III. La dimension provocatrice du sonnet
1. L’attraction charnelle
On peut noter une certaine provocation dans les gestes. Rimbaud joue le rôle d’un adulte aguerri.
Dans le geste : « j’allongeai les jambes sous la tables ». Il s’agit d’un geste familier et viril du baroudeur ou du travailleur de force. Cette pose fait songer au seigneur qui va être servi.
Dans le mot : on peut relever la phrase entre tirets :
– Celle-là, ce n’est pas un baiser qui l’épeure ! –
Rimbaud reprend à son compte la phrase lancée à la volée par les clients, ou la phrase type consacrée aux serveuses. Le plus la « fille » est un terme familier. Il s’agit d’une double fausse émancipation, d’une sorte de virilité précoce.
On assiste aussi à un parasitage implicite entre « chère » (jambon…bière) et la chair (femme) à travers des associations fatales (les tétons énormes, les yeux vifs et le jambon tiède rose et blanc, la gousse d’ail). Le jambon peut renvoyer à cuisse de la femme. Le « rose et blanc » à des sous vêtements de la femme.
« mousse » peut prendre la connotation de la salive (du baiser). La mousse qui pétille fait écho à « rieuse » (v.10).
La gousse peut renvoyer à la vulve de la femme et l’ « ail » au parfum fort de la femme.
« dorait » (v.14) peut renvoyer aux cheveux brillants.
« soleil » (v.14) désigne la femme, ce qui sous-entend que les hommes gravitant autour sont les planètes.
Toutes ces expressions ambivalentes connotent le goût le Rimbaud pour les plaisanteries obscènes. (cf. hyperréalisme).
2. Les ruptures ironiques
On peut noter le malin plaisir qu’éprouve Rimbaud à parsemer le poème d’enjambements qui égarent le lecteur, Rimbaud joue avec lui.
Des changements brutaux (phrase entre tirets), des digressions (description de la fille avant l’action) font planer le doute.
« Je contemplai des sujets très naïfs » (v.6) au sens propre on pense aussitôt aux clients du cabaret.

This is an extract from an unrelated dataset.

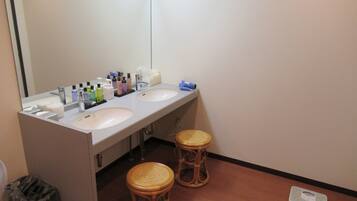 A bathroom with two sinks, a mirror, toiletries, and two wicker stools.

Il s’agit d’une satire implicite, ce vers désigne des êtres ignares, frustes…
Mais « De la tapisserie » (v.7) rétablit la logique du tableau sans toutefois gommer la satire. Ce vers rappelle peut-être l’expression « faire tapisserie » ?
Dans le célèbre poème « Le dormeur du Val », Rimbaud écrit : « C’est un petit val qui mousse de rayons ». De même, à la fin du « Cabaret-Vert », on note l’ampleur de l’évocation poétique « que dorait un rayon de soleil ». Le verbe « dorait » en fait un cliché classique, une sorte de vers de mirliton.
Or « arriéré » (v.14) par l’effet de surprise renvoie à « chope « et « mousse » (termes assez triviaux) et gomme la platitude l’image. L’emploi de terme « arriéré » est une impropriété volontaire et désigne un rayon derrière les vitres et le dos de Rimbaud ou une arrière saison (le poème est inspiré d’une fugue qui a eu lieu en octobre).
« Arriéré » peut aussi signifier « démodé », « suranné », comme s’il s’agissait d’un clin d’œil ironique, une sorte de bonheur venu en retard, il met en relief une image de la nonchalance du temps qui s’étire.
Dans tous les cas, ce mot « arriéré » dépréciatif rend à l’image toute sa valeur originale de décadence. Cela renvoie au réseau de couleurs qui se heurtent (le « rose », le « vert », le « blanc », le plat « colorié ») et font l’effet d’un tableau de mauvais goût.